A ação foi movida por um professor contra a Organização Educacional Cora Coralina Ltda. O caso chegou ao TST após a escola recorrer da condenação ao pagamento de diferenças salariais e indenização por dano moral.
O que aconteceu na audiência
A empresa indicou a coordenadora da escola como testemunha. Antes de ela ser ouvida, o advogado do professor alertou o juiz: a coordenadora era amiga próxima da proprietária e havia conversado com o advogado da escola momentos antes da audiência.
O juiz perguntou à própria testemunha sobre o contato. Ela confirmou a conversa, dizendo que havia tirado uma dúvida sobre um documento que ela mesma teria elaborado. O advogado da escola tentou minimizar o episódio, afirmando que a conversa foi apenas um esclarecimento técnico e que foi a coordenadora quem forneceu as informações, não ele.
Por que o juiz excluiu a testemunha
O argumento da escola não convenceu. O juiz observou que o documento discutido entre os dois continha informações diretamente relacionadas ao processo — inclusive sobre as alegações do professor. Diante disso, concluiu que a conversa prévia poderia ter orientado o depoimento, prejudicando sua credibilidade.

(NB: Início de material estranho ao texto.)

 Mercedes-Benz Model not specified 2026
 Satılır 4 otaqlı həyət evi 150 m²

Sem a testemunha, a empresa foi condenada. O Tribunal Regional do Trabalho do Ceará (TRT-7) manteve a sentença, e o TST fez o mesmo.
O que é contradita e por que ela importa
No julgamento do recurso, o ministro relator Breno Medeiros explicou o instituto jurídico por trás da decisão: a contradita. Trata-se do mecanismo pelo qual uma das partes contesta a participação de uma testemunha por suspeita de parcialidade — seja por amizade, parentesco, subordinação ou qualquer outra circunstância que comprometa a isenção de quem vai depor.

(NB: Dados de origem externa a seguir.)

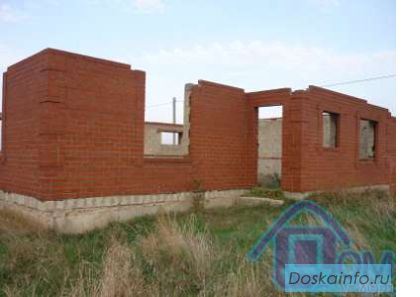Недостроенный дом в поселке Сенной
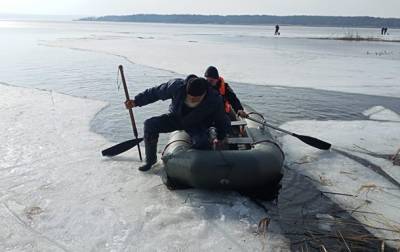 На реке Днепр спасли рыбаков с отколовшегося льда
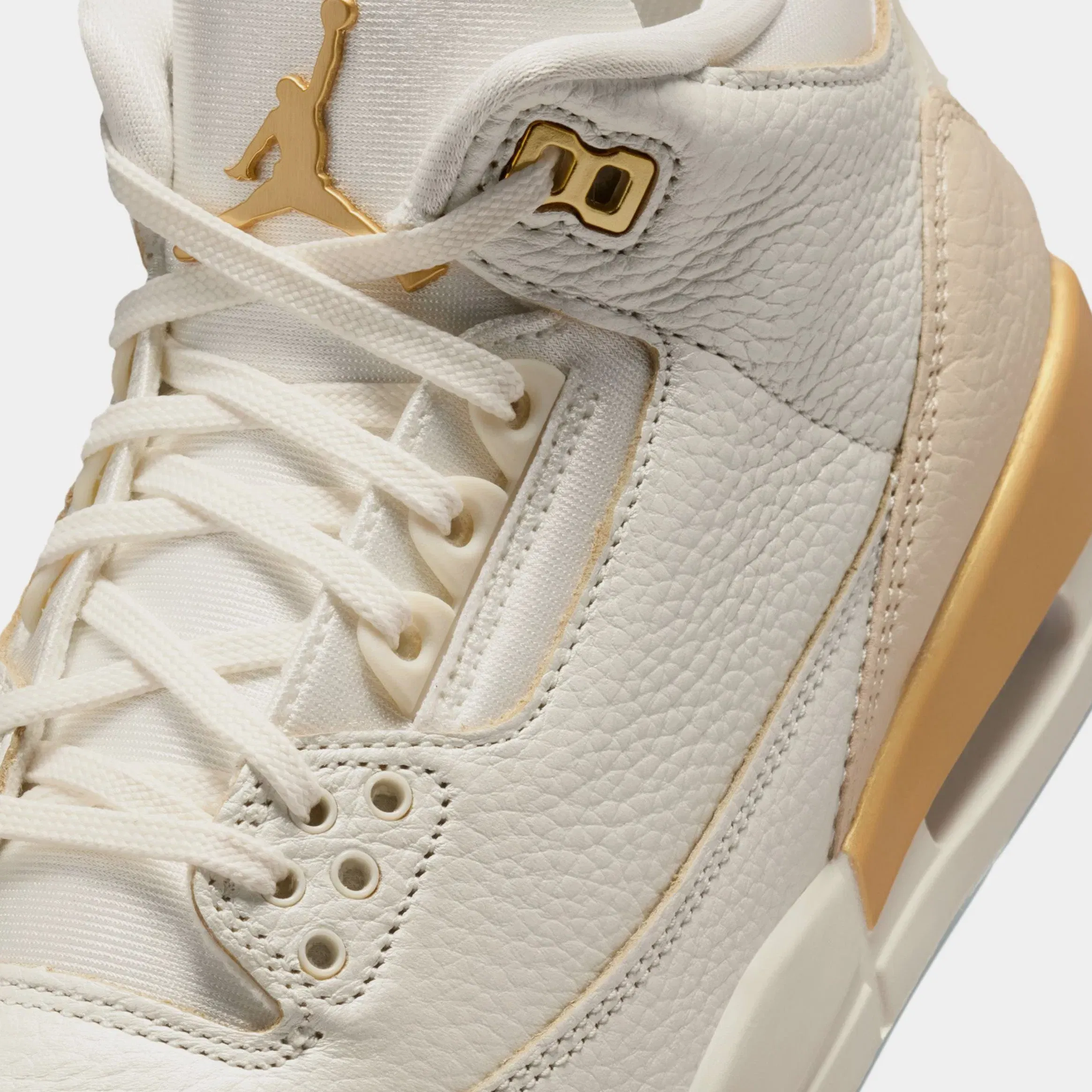 Air Jordan 3 Retro Sail and Pale Ivory Womens Lifestyle Shoes (Sail/Team Gold/Pale Ivory/Metallic Gold)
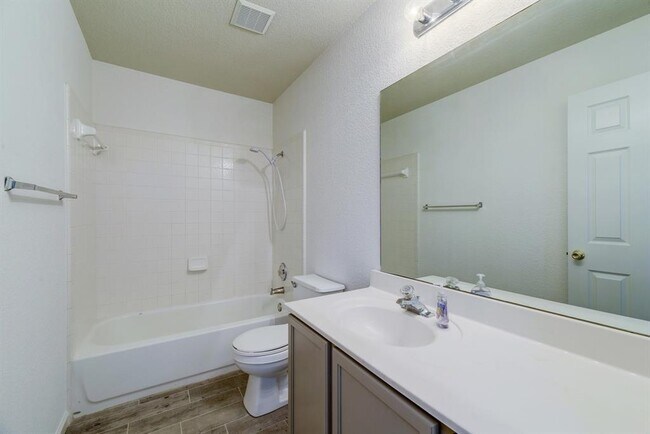 Building Photo - 234 Bastian Ln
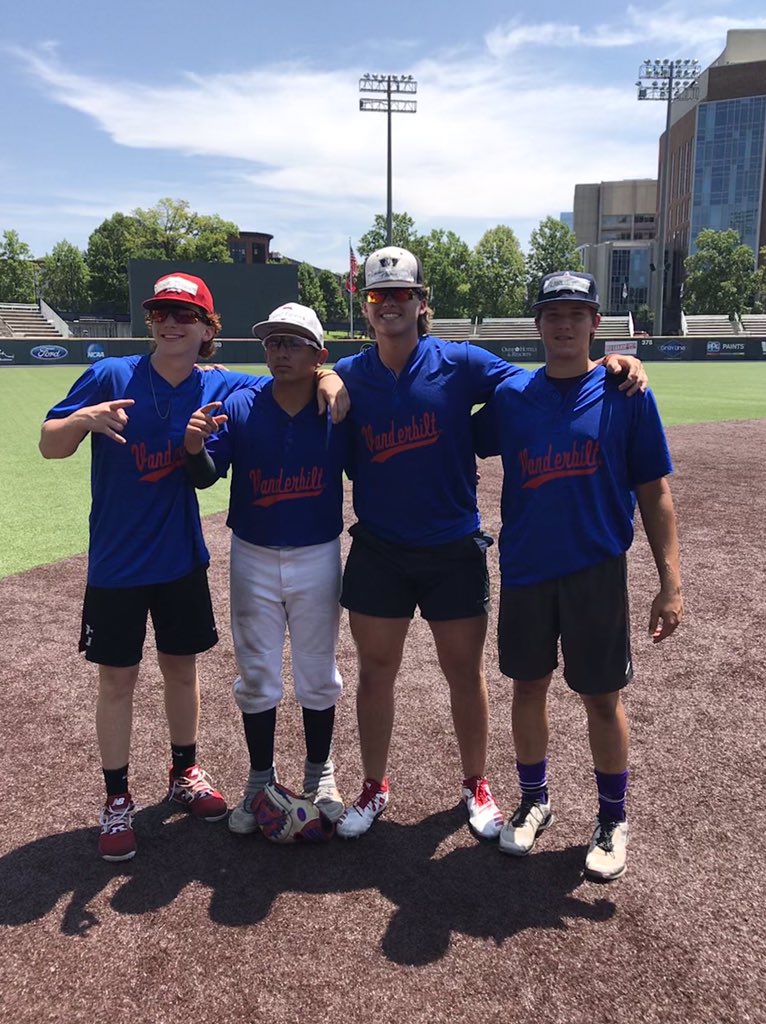 thomason_landon's tweet photo. Thanks to #TimCorbin and #ClyedSpeed and #YoungKilla for the best week of baseball on the prettiest field #GrindCity #VandyBoys #Unstoppable us guys all committing here #DreamBig https://t.co/jrYRlDQPj5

No caso em questão, a contradita foi aceita porque a interação prévia com o advogado representa um risco real de que o depoimento tenha sido orientado ou influenciado, mesmo que involuntariamente. Para o ministro, isso justifica a anulação do testemunho e afasta qualquer alegação de que a empresa teve sua defesa prejudicada.

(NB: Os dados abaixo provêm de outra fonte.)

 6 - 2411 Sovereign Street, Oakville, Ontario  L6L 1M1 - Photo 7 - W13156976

Decisão unânime reforça proteção à integridade da prova
A 5ª Turma rejeitou, por unanimidade, o argumento de cerceamento de defesa levantado pela escola. O entendimento é de que a contradita não pune a empresa, mas protege o processo — garantindo que os fatos sejam apurados sem interferências externas sobre quem depõe.
O caso serve de alerta para empregadores e advogados: orientar ou mesmo conversar com uma testemunha nos momentos que antecedem a audiência pode custar a única prova disponível — e, com ela, a chance de reverter uma condenação.